PROBLEM DESCRIPTION: Would you restate, exactly as they appear, the lines from the one containing "24mm Anchor Charm" through the end of the data below?

+-------+

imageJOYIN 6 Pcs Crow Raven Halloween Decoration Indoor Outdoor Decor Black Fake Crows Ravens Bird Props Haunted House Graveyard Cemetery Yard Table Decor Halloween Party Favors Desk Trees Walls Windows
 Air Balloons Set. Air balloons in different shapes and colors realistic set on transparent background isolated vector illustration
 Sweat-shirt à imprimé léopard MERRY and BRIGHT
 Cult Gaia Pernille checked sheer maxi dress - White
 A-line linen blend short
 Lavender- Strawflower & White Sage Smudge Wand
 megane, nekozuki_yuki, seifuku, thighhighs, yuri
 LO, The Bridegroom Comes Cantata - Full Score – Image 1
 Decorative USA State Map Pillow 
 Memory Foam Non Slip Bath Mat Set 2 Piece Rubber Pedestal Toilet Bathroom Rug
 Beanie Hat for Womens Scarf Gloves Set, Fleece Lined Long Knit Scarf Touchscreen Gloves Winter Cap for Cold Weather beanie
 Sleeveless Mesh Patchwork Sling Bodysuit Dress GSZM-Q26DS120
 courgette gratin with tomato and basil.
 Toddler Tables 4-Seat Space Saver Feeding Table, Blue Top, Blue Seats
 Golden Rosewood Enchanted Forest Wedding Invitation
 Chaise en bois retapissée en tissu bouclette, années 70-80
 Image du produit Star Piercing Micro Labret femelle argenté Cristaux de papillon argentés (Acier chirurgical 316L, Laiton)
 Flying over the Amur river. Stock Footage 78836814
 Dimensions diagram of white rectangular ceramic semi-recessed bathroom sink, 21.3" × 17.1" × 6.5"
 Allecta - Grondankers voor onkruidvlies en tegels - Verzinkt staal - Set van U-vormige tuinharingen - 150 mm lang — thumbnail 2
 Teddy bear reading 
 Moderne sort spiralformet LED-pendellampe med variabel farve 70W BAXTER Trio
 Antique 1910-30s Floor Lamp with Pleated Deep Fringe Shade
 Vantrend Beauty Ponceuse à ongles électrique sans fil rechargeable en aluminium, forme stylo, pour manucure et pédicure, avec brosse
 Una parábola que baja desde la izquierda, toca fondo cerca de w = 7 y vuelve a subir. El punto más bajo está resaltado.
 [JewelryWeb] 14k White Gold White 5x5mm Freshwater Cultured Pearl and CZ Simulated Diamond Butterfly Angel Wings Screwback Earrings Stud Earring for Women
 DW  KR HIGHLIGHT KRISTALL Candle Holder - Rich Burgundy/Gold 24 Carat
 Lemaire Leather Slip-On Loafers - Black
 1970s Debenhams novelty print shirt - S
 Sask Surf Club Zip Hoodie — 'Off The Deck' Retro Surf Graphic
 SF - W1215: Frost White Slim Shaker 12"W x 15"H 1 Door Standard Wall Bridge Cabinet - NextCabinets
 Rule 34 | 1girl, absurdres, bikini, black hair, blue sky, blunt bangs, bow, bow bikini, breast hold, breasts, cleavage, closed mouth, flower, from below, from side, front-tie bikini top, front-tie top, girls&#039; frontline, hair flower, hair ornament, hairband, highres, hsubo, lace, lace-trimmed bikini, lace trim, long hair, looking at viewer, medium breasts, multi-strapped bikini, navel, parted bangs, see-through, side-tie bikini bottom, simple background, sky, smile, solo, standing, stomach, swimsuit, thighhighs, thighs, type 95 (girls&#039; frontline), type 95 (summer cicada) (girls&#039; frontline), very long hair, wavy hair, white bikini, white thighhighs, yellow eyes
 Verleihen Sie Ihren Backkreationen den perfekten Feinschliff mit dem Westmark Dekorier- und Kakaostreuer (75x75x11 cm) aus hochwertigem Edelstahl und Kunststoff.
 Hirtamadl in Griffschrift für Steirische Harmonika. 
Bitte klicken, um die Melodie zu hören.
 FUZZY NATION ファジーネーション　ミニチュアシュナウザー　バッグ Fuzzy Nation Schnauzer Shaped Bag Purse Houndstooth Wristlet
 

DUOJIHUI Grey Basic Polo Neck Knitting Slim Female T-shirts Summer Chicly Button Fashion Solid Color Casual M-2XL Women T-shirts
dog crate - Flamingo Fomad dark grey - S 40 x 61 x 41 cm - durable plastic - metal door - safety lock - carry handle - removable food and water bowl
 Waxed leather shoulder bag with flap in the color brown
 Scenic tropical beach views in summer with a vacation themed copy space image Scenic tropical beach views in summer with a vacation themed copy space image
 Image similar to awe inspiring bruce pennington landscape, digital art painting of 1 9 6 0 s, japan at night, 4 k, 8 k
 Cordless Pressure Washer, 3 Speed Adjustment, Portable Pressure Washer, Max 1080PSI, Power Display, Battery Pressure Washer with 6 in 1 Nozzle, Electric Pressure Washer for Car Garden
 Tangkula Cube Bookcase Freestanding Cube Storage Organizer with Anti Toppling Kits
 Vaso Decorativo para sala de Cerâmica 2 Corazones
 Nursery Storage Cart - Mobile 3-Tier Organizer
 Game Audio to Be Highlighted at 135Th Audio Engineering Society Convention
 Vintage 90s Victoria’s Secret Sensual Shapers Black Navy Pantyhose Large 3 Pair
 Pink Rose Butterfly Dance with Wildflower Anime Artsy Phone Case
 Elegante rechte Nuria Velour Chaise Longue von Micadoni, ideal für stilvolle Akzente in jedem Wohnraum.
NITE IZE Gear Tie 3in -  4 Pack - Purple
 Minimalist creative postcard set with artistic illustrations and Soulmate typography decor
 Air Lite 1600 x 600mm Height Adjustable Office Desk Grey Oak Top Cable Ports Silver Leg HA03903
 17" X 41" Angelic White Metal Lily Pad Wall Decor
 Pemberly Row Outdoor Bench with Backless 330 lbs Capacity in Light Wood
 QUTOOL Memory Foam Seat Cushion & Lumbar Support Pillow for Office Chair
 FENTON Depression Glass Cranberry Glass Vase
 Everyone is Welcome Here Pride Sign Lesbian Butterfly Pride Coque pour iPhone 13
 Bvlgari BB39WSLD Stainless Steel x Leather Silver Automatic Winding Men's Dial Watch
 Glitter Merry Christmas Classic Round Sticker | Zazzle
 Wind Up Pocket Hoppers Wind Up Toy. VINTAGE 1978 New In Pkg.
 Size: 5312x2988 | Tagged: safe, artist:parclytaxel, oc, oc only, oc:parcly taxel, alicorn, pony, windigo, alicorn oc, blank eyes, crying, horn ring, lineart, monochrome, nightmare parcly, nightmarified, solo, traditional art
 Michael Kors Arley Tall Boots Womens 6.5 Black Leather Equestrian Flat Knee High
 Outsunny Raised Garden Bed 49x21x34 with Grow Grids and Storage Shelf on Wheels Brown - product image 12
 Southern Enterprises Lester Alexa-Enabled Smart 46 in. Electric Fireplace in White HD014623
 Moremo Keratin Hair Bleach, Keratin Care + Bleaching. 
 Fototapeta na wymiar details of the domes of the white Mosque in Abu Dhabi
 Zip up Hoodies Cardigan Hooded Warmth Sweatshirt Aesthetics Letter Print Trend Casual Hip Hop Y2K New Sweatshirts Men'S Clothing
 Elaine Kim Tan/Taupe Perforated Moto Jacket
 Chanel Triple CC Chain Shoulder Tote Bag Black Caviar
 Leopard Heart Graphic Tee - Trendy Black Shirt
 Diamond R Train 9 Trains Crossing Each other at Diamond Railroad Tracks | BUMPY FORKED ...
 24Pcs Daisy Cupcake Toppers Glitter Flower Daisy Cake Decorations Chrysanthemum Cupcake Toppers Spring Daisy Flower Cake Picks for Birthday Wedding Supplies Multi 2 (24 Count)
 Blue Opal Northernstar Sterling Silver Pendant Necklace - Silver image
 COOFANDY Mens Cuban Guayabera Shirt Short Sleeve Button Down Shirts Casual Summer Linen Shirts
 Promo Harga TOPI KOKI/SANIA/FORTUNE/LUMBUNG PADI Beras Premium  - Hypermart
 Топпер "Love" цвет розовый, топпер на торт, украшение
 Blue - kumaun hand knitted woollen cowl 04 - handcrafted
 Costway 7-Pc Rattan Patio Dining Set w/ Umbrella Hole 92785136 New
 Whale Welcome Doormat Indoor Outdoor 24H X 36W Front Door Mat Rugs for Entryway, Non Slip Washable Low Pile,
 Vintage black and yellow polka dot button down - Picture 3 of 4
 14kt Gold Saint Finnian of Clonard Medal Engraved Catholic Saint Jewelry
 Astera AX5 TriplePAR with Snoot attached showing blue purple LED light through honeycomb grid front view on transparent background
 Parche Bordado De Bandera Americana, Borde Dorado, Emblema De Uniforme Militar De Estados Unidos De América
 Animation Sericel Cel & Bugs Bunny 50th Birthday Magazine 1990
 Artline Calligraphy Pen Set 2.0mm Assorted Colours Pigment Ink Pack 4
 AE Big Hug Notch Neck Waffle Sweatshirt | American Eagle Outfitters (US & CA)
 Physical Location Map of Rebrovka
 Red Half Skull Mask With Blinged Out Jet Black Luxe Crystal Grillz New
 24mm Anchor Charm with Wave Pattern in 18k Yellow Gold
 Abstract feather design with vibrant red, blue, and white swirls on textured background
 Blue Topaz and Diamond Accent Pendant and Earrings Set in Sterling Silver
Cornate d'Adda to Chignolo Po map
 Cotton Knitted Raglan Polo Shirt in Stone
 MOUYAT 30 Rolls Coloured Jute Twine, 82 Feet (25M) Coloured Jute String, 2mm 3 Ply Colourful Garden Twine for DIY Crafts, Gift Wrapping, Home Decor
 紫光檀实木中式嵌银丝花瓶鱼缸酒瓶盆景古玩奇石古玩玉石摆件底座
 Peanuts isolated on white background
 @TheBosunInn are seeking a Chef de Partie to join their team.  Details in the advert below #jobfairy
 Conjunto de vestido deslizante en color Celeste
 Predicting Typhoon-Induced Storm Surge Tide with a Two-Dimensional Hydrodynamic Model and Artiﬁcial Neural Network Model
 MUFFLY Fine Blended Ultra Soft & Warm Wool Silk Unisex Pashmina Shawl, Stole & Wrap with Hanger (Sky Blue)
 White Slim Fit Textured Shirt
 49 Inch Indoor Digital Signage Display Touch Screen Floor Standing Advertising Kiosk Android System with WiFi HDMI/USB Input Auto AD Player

+-------+

OUTPUT FOR THIS EXERCISE:
 24mm Anchor Charm with Wave Pattern in 18k Yellow Gold
 Abstract feather design with vibrant red, blue, and white swirls on textured background
 Blue Topaz and Diamond Accent Pendant and Earrings Set in Sterling Silver
Cornate d'Adda to Chignolo Po map
 Cotton Knitted Raglan Polo Shirt in Stone
 MOUYAT 30 Rolls Coloured Jute Twine, 82 Feet (25M) Coloured Jute String, 2mm 3 Ply Colourful Garden Twine for DIY Crafts, Gift Wrapping, Home Decor
 紫光檀实木中式嵌银丝花瓶鱼缸酒瓶盆景古玩奇石古玩玉石摆件底座
 Peanuts isolated on white background
 @TheBosunInn are seeking a Chef de Partie to join their team.  Details in the advert below #jobfairy
 Conjunto de vestido deslizante en color Celeste
 Predicting Typhoon-Induced Storm Surge Tide with a Two-Dimensional Hydrodynamic Model and Artiﬁcial Neural Network Model
 MUFFLY Fine Blended Ultra Soft & Warm Wool Silk Unisex Pashmina Shawl, Stole & Wrap with Hanger (Sky Blue)
 White Slim Fit Textured Shirt
 49 Inch Indoor Digital Signage Display Touch Screen Floor Standing Advertising Kiosk Android System with WiFi HDMI/USB Input Auto AD Player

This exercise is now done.